TASK PROMPT: Retype all of the lines below with no changes.

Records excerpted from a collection
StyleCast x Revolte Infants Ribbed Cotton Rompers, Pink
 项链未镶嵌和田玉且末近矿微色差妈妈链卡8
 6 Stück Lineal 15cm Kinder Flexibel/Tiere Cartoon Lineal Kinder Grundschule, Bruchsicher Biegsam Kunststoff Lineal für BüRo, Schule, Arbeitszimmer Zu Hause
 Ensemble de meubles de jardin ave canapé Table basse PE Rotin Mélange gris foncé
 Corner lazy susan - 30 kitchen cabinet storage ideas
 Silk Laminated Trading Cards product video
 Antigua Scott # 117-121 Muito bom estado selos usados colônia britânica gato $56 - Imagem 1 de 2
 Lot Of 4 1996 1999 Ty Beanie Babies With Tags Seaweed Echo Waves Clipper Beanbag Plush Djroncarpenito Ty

RESULT OF THIS TASK:
StyleCast x Revolte Infants Ribbed Cotton Rompers, Pink
 项链未镶嵌和田玉且末近矿微色差妈妈链卡8
 6 Stück Lineal 15cm Kinder Flexibel/Tiere Cartoon Lineal Kinder Grundschule, Bruchsicher Biegsam Kunststoff Lineal für BüRo, Schule, Arbeitszimmer Zu Hause
 Ensemble de meubles de jardin ave canapé Table basse PE Rotin Mélange gris foncé
 Corner lazy susan - 30 kitchen cabinet storage ideas
 Silk Laminated Trading Cards product video
 Antigua Scott # 117-121 Muito bom estado selos usados colônia britânica gato $56 - Imagem 1 de 2
 Lot Of 4 1996 1999 Ty Beanie Babies With Tags Seaweed Echo Waves Clipper Beanbag Plush Djroncarpenito Ty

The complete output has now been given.